How many of these jobs are available?


Across Alaska salmon processing and marketing jobs number in the thousands each summer.


Cordova is arguably the largest salmon processing hub in Prince William Sound. For an idea of scale it has about 2000 people who live in the town year-round, but that number probably doubles in the summer. A large number of that influx of people are fishermen and service workers, but there are hundreds of people that work at the two major processing plants and the two smaller ones.


Beyond Cordova there are fish processors in other Prince William Sound towns like Valdez and Whittier, and even more all over Southeast, Southcentral, and Western Alaska in the summer. Most fish that leave the water need to be processed quickly and locally. Some serve commercial fishermen exclusively, some process fish independently for tourists and locals, and some do a mix.



Fisherman vs Processor


While fisherman and processor are both common jobs in the seafood industry, fisherman is usually a more desirable position and more difficult to get. On good seasons the "crew share" on a boat can be a significant amount of money and they get to be outdoors and, in my opinion, doing a more interesting job.

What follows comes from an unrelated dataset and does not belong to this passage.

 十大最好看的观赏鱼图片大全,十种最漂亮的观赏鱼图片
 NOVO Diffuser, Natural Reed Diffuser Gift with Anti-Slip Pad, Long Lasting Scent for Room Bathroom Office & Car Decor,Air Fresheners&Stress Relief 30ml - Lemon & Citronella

That said, processing has some real benefits. It's not as dangerous as fishing. If you want to ultimately become a fisherman it's a great way to get your foot in the door in the seafood industry and you can network with locals over the course of a summer season to land a job as a deckhand. The pay is steadier (although still dependent on fish coming into the plant) and it can be the start of a full-time career in an office if that's your end goal.

And if you have experience in sales and logistics it could be a great way to land a dream summer job in an Alaskan town where you don't have to handle fish all day.


Conclusion


Alaska seafood is a growing industry. Wild seafood is healthy and delicious, and is riding the wave of a lot of popular trends in food such as health and sustainability. Marketing the product is easy - it markets itself.


If you want to try your hand at working in Alaska, or you already work here and want to try something new, consider working for a salmon processor this summer!